### Data records
※

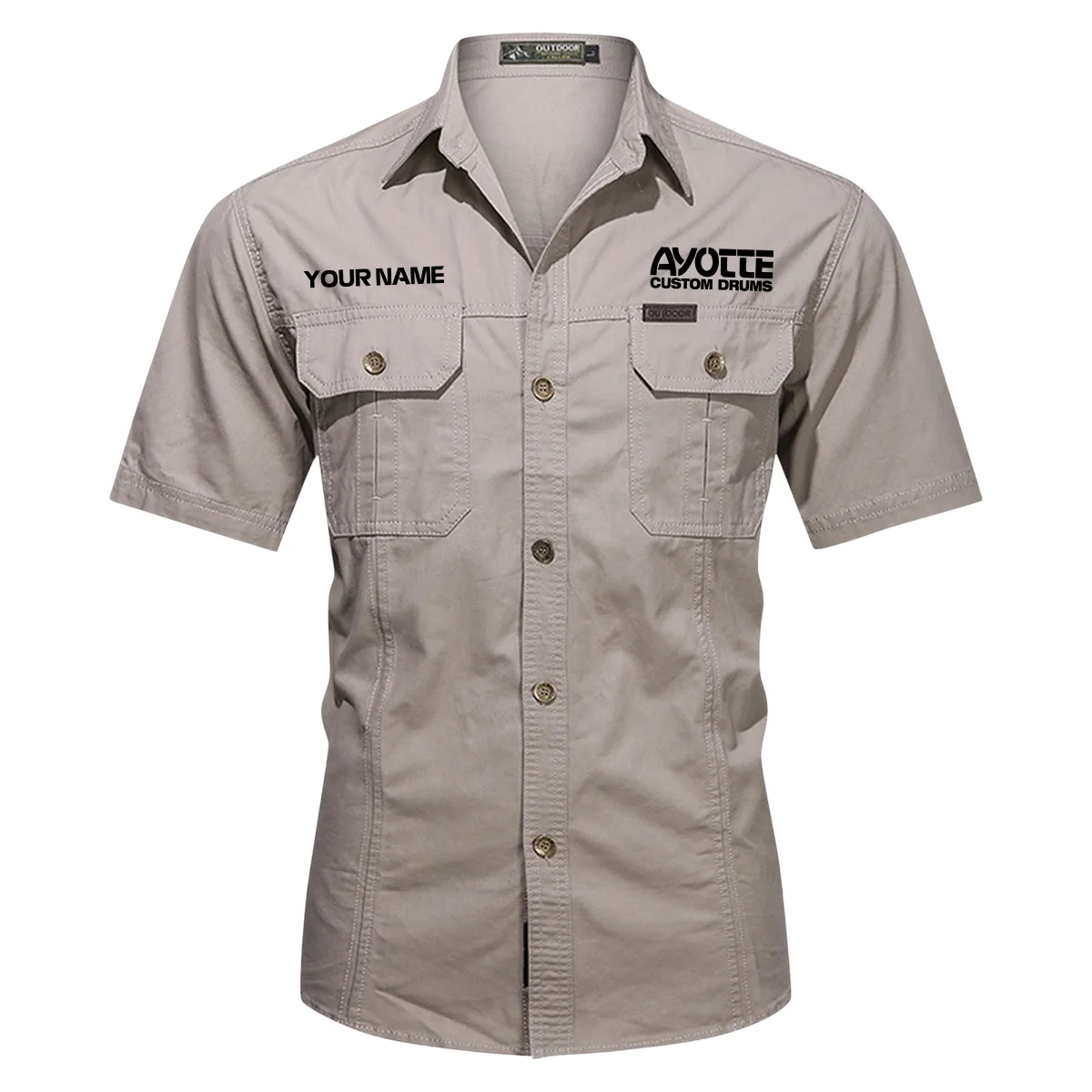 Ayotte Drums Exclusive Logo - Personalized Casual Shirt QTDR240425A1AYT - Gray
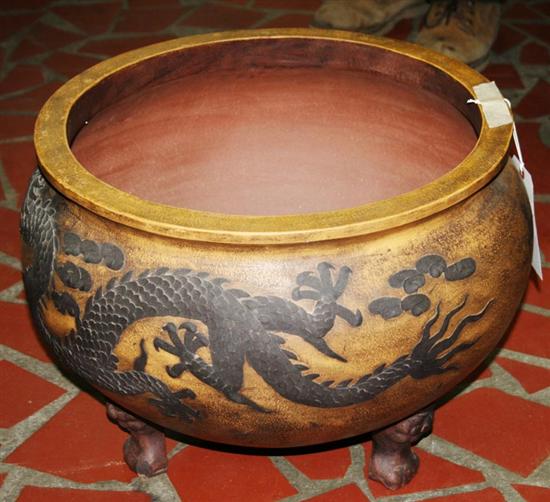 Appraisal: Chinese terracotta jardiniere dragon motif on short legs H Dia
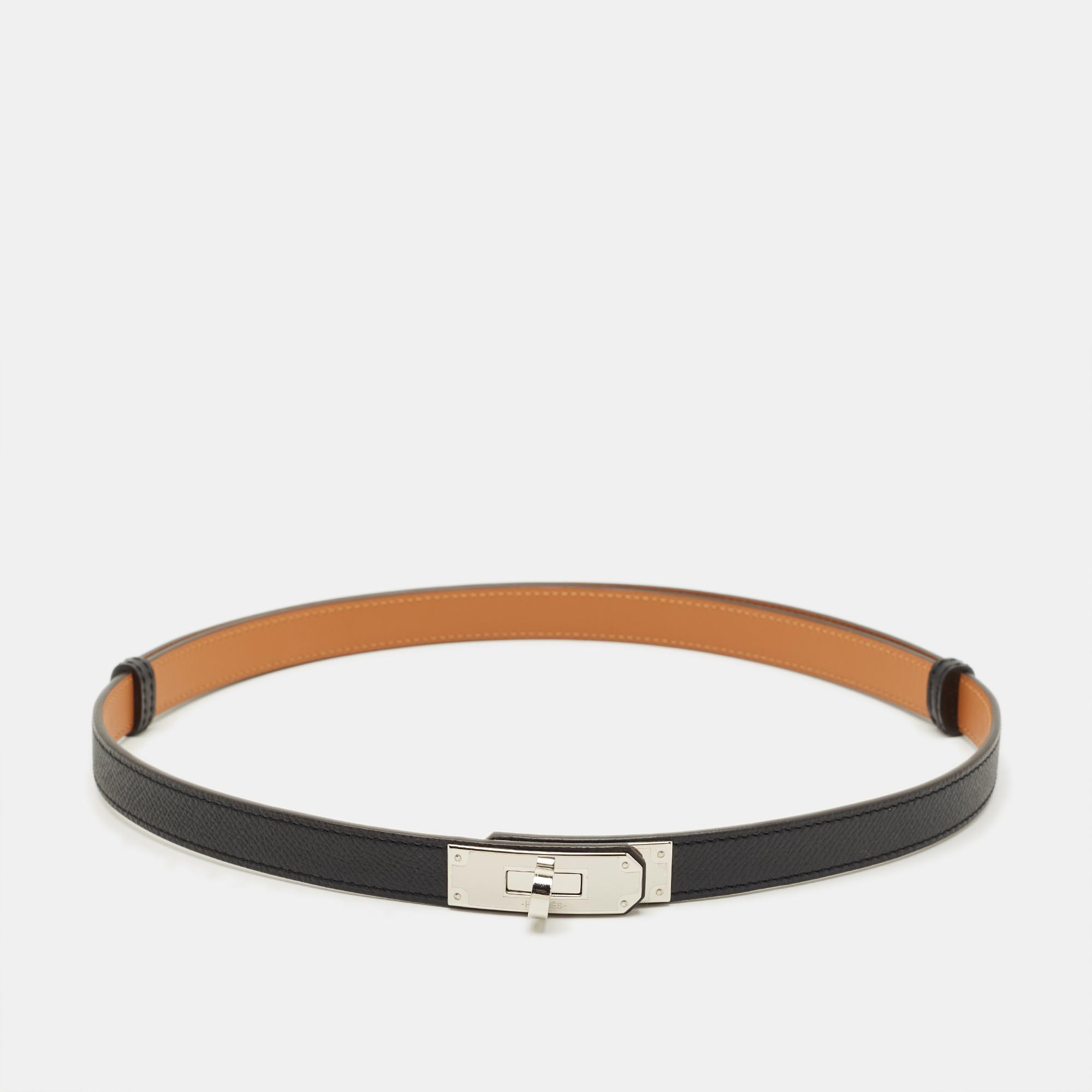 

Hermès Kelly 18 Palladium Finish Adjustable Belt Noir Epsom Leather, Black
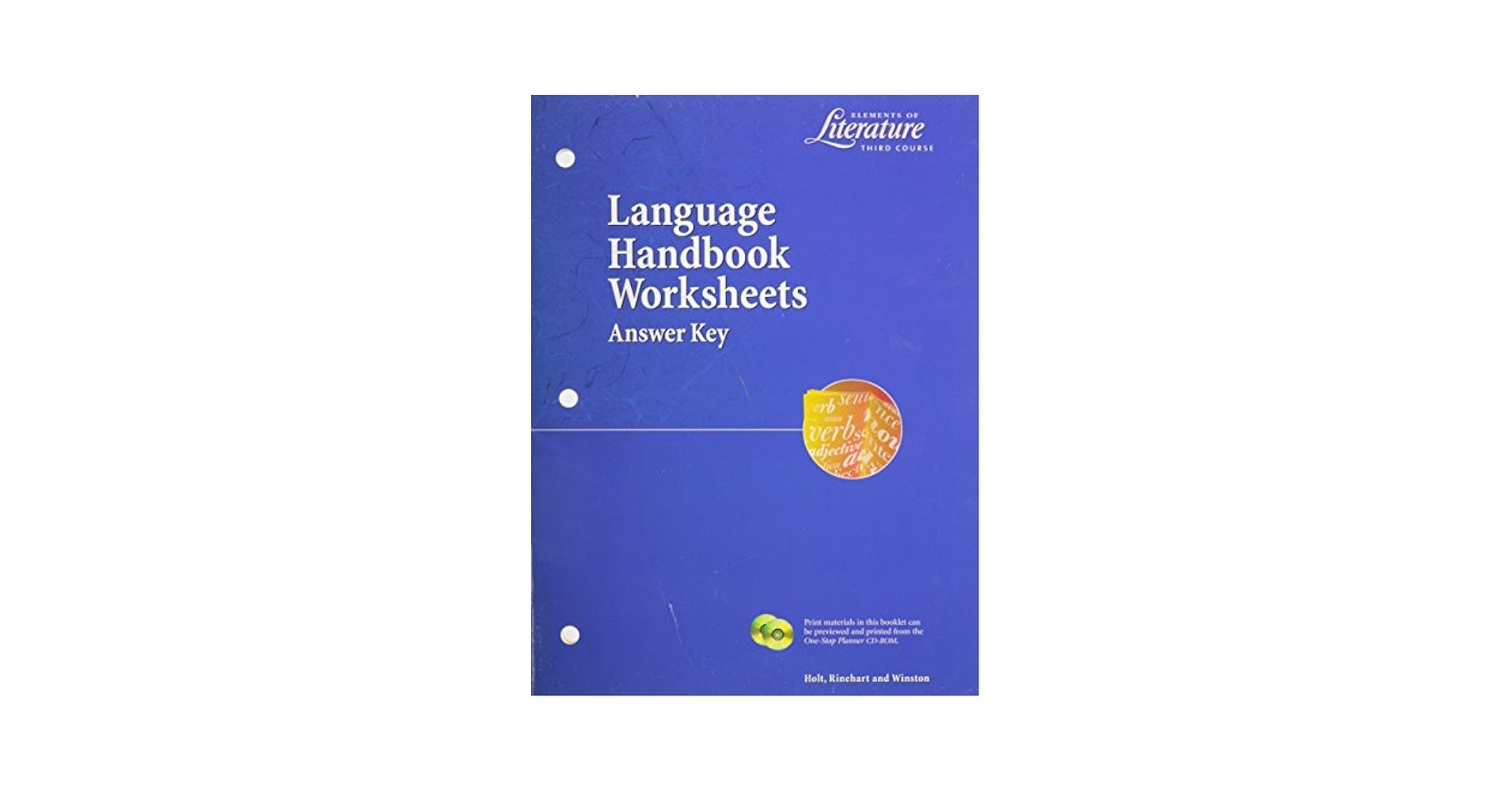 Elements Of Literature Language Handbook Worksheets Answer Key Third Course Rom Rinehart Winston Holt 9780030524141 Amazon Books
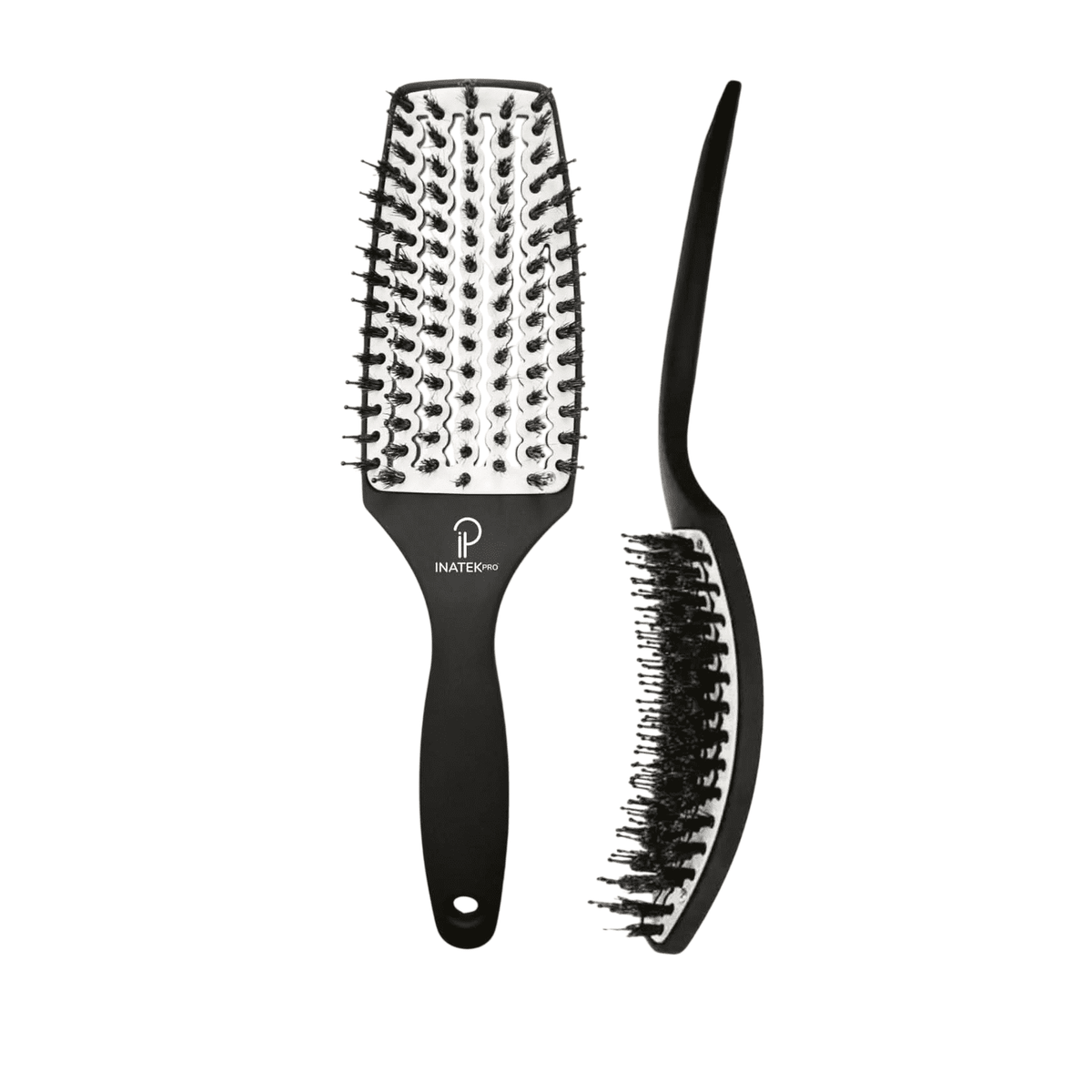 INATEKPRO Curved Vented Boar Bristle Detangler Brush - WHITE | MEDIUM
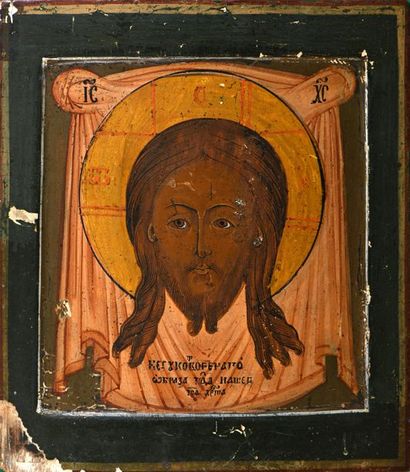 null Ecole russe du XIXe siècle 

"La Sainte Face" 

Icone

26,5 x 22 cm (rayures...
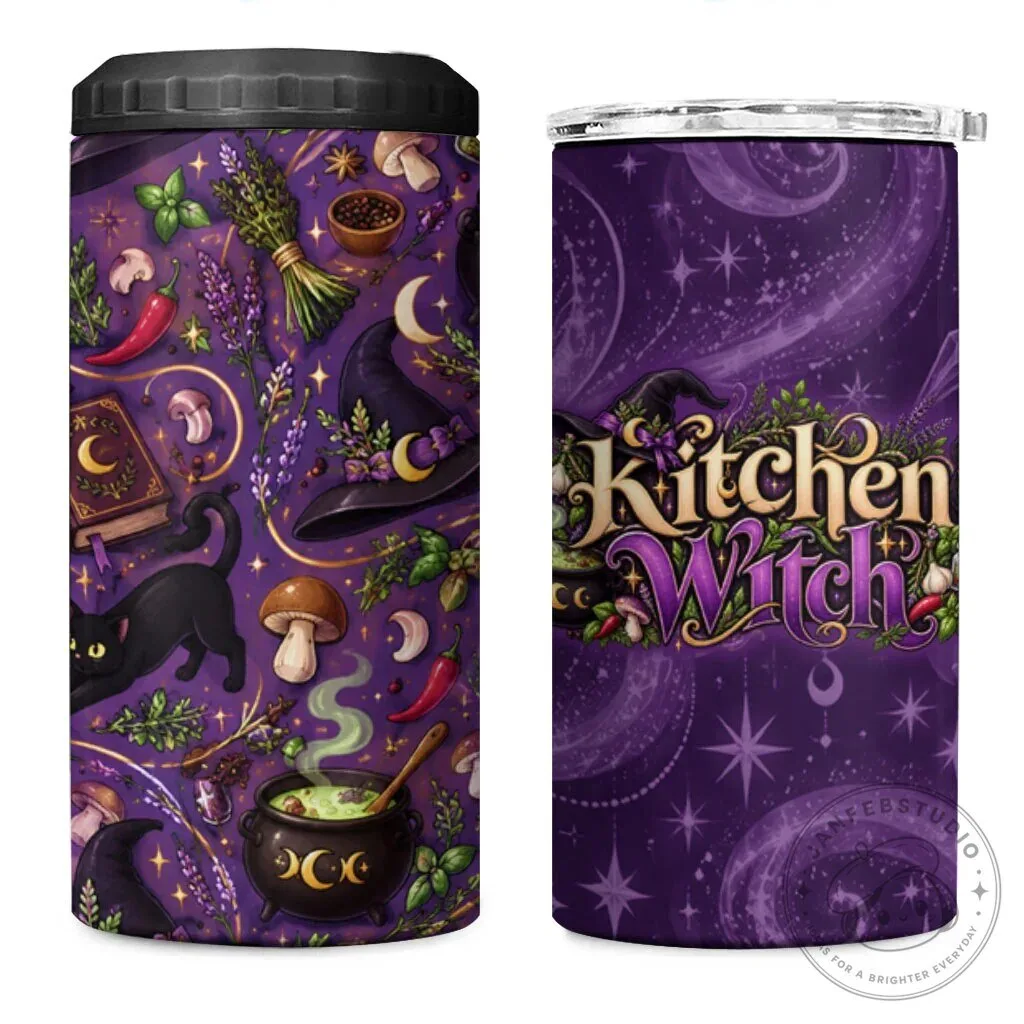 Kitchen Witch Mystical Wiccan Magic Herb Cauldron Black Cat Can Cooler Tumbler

※

### EXERCISE AIM
Only the lines from the one containing "Appraisal: Chinese terracotta" through the end of the records are wanted, set down exactly and without their pictures.

### SOLUTION TO THE PROBLEM
 Appraisal: Chinese terracotta jardiniere dragon motif on short legs H Dia

Hermès Kelly 18 Palladium Finish Adjustable Belt Noir Epsom Leather, Black
 Elements Of Literature Language Handbook Worksheets Answer Key Third Course Rom Rinehart Winston Holt 9780030524141 Amazon Books
 INATEKPRO Curved Vented Boar Bristle Detangler Brush - WHITE | MEDIUM
 null Ecole russe du XIXe siècle 

"La Sainte Face" 

Icone

26,5 x 22 cm (rayures...
 Kitchen Witch Mystical Wiccan Magic Herb Cauldron Black Cat Can Cooler Tumbler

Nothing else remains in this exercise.